With Raydium there are few concerns I “don’t” have with the project. From the unnecessary anonymity of the developers to the non-existent codebase and complete lack of transparency by the team for their large share of the tokens, and much more. Raydium checks half the red flags researchers like me look for in a project. Very, very scammy vibe going on not only with Raydium, but it’s launched IDO’s as well. Thankfully I’m not the only one who has noticed these inconsistencies with the project. Raydium falls flat to gain any network effects or community members outside of its onslaught of bots, which has undoubtedly caused their Medium account to get shut down. Being that Medium has a no-tolerance policy for this it’s possible but unlikely that the team will be able to recover their account if, in fact, they did manipulate their community growth. Happening with a handful of projects in the past, this is the only reason I’ve ever seen a Medium account suspended in this manner. Not that they had much content, to even begin with.
It’s worth drawing attention to how little liquidity there actually is on the platform. With everything outside of stablecoins not tradeable due to how thin the books are, this goes for Serum in the same light as both platforms combined are barely managing $30 Million in Daily Volume.

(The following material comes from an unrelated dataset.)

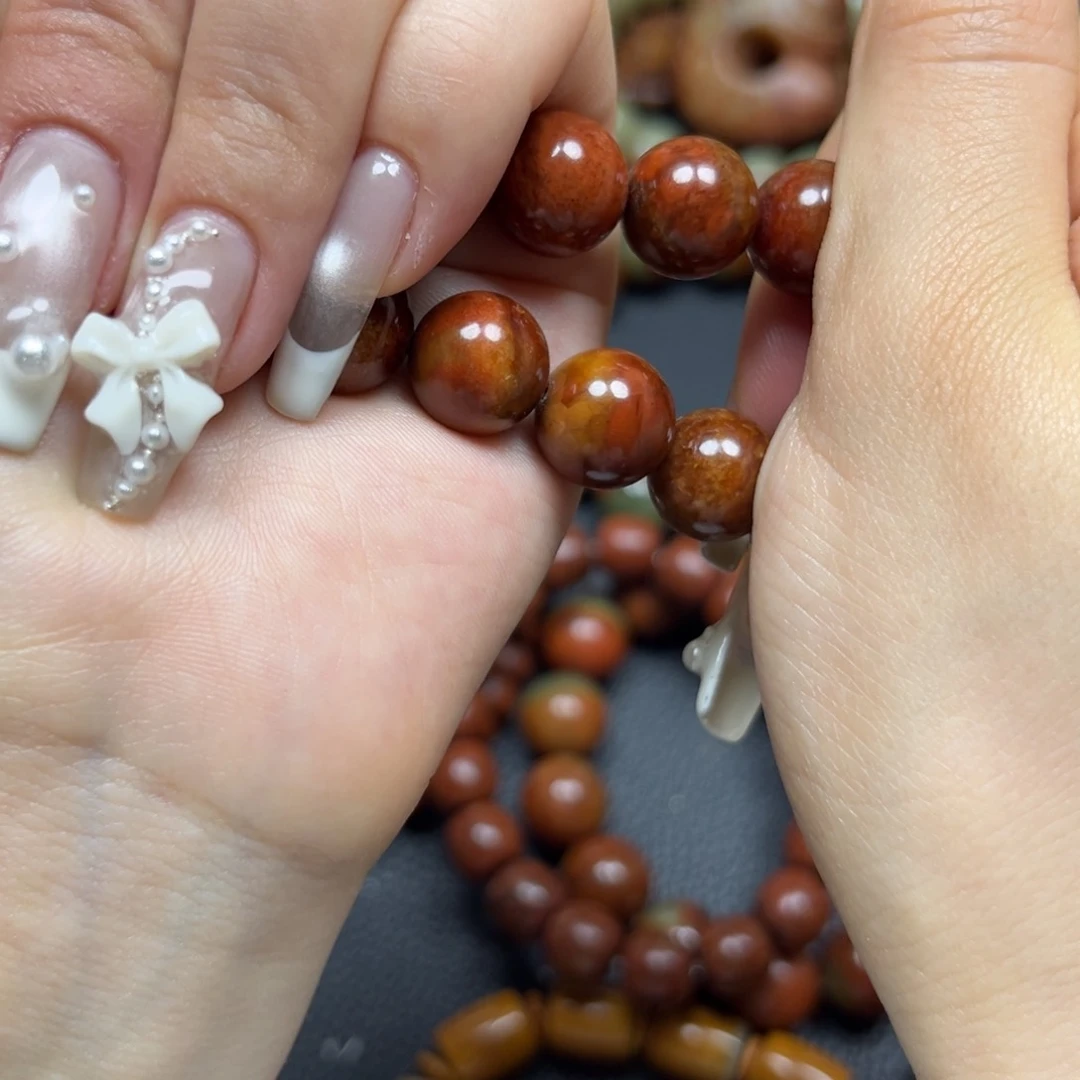 手链未镶嵌透闪石质玉看***看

While Solana itself has grown 5x in the same timeframe this growth has not transferred to Raydium in any way. Leaving a very clear sign that much of the Solana hype is still speculation, instead of operational ecosystem growth.
I’m going to be direct with all of you because there’s no need to beat around the bush taking up more of your time with this project. If you value your time and money, I would stay far away from Raydium. Outside of receiving free tokens during the Community Airdrop and possibly yield-farming stablecoins. But, If you’re all about that speculation then by all means spin that short-term gains wheel friend. Otherwise, Raydium has all the fresh ingredients for a recipe in getting Rekt.